# Homework Help: Finding total distance on a position vs time graph

1. Mar 20, 2016

### physicsnerd26

I feel terrible for even having to ask this. I'm doing A2 at the moment, and we've gone through these sorts of lessons ever since my early AS days. I'm trying to review my notes cos exams are coming soon and I did some questions, and I'm apparently doing them wrong with what the answers are showing me at the back of the book.

Can anybody explain it to me? I'm talking about the kind of graph that goes from negative to positive.
Here's an example of a graph I'm talking about I found on the internet:

What I do is technically
A to B would be -> 10 x 2 = 20m
B to C would be -> (10 x 2)/2 = 10m
C to D would be 0
D to E would be - > (0.5 x -15)/2 = -3.75m, but it's distance so it's 3.75m
E to F would be 0
F to G would be -> (15 x 1)/2 =7.5m
G to H would be -> (2 x 15)/2 = 15m

so overall, I just add them all up so, 20+10+3.75+7.5+15 = 56.25m

Have I been doing it completely wrong?

2. Mar 20, 2016

### Staff: Mentor

I moved the thread to our homework section.
If you spend two seconds standing on a mark on the floor that says "10 meters", which distance did you cover during those two seconds?
If you spend one second running from a mark "-16 meter" to a mark "0" 16 meters away, what is the distance you covered?
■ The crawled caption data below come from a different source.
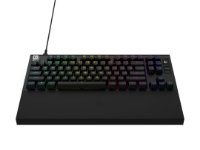 Tipkovnica LOGITECH PRO X2 Rapid, mehanička, crna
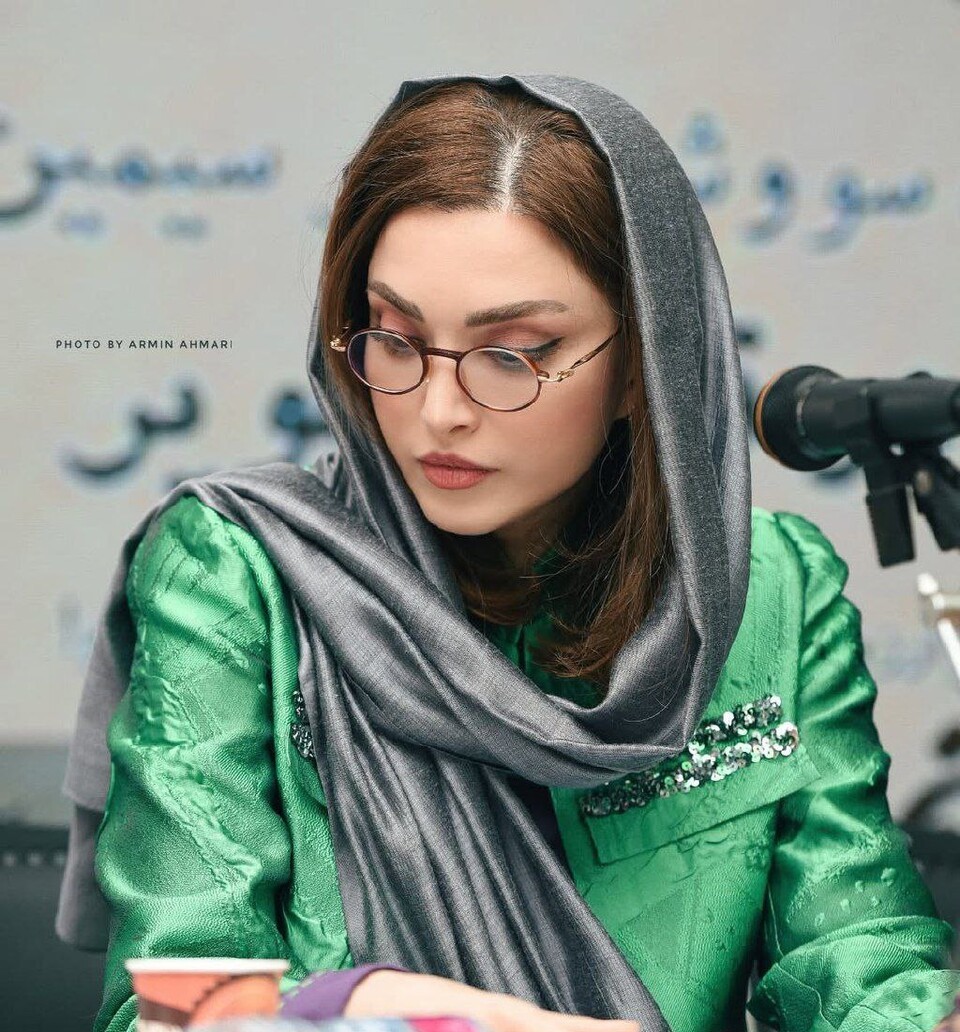بهنوش طباطبایی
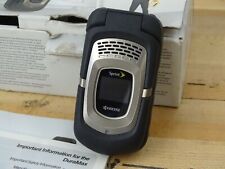 Sprint  Kyocera Duramax Flip Phone , 3G CDMA for sale  Shipping to South Africa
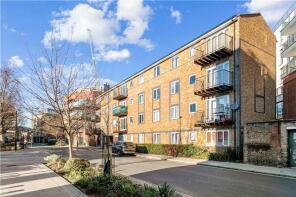 Flat 4, 59, Webber Street, London SE1 0RD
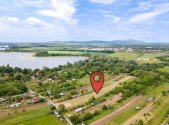 Prodej pozemku, zahrada, 433 m²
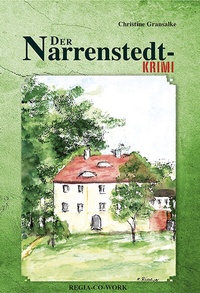 Abbildung von: Der Narrenstedt-Krimi - Regia-Co-Work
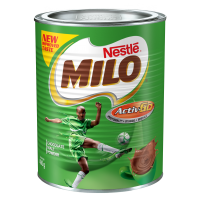 NESTLE MILO ACTIV-GO TIN 400G
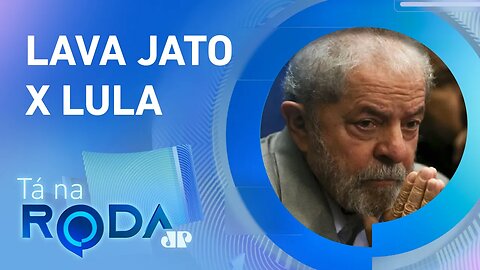 SUPOSTOS CRIMES no GOVERNO BOLSONARO são comparáveis aos da GESTÃO DE LULA? | TÁ NA RODA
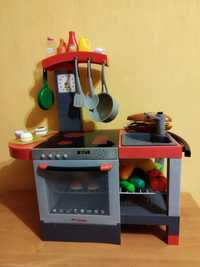 Smoby Дитяча кухня TEFAL mini
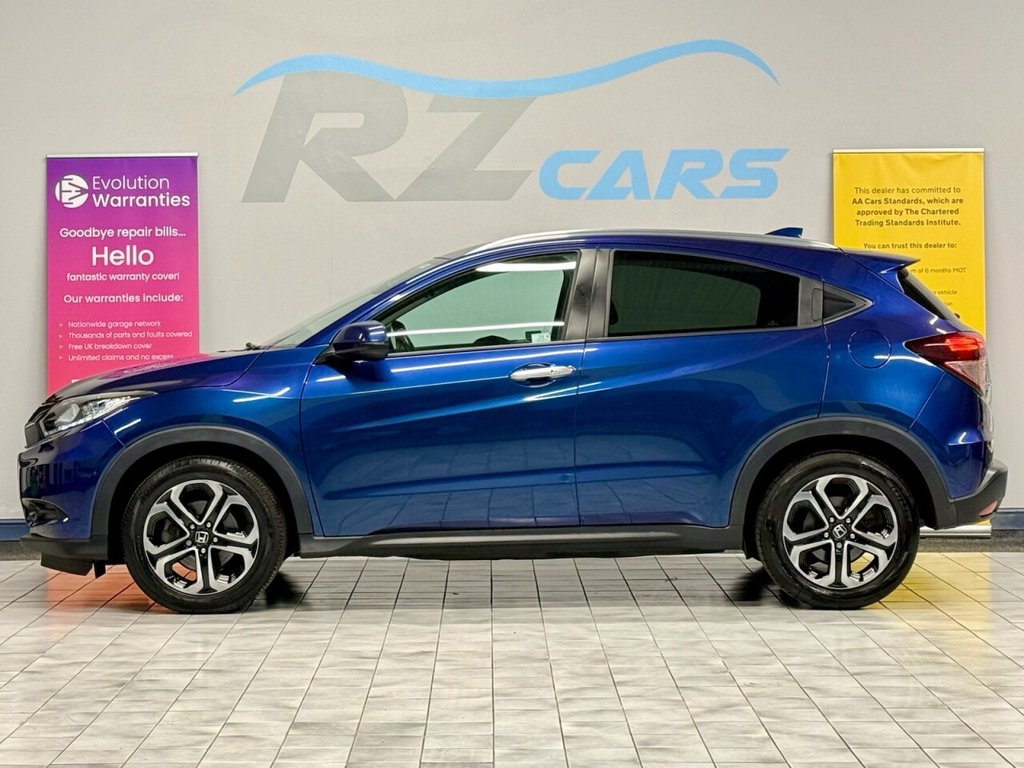 Used Honda HR-V 2015 for sale - 76640403: Photo 19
It is a position versus time graph, not a speed versus time graph.

3. Mar 20, 2016

### physicsnerd26

So I should do position/time instead of multiplying them together?

Still 16, wouldn't it?

Yeah, I get confused between the two most of the time. Can you tell me if my answers above are correct?

4. Mar 20, 2016

### Staff: Mentor

The answer is much easier. Just check where you are when. If you have to move from position x to y, you have to move by ...
It does not matter how long that takes.
Right, but you calculated a different, wrong value.
They are not.

5. Mar 20, 2016

### Staff: Mentor

This makes no sense. Between A and B, the position didn't change. Also, the units don't make sense -- you're multiplying a position (in m.) by a time (in sec.) so you wouldn't get meters as a result. In fact, you don't get anything meaningful by multiplying the position by the time.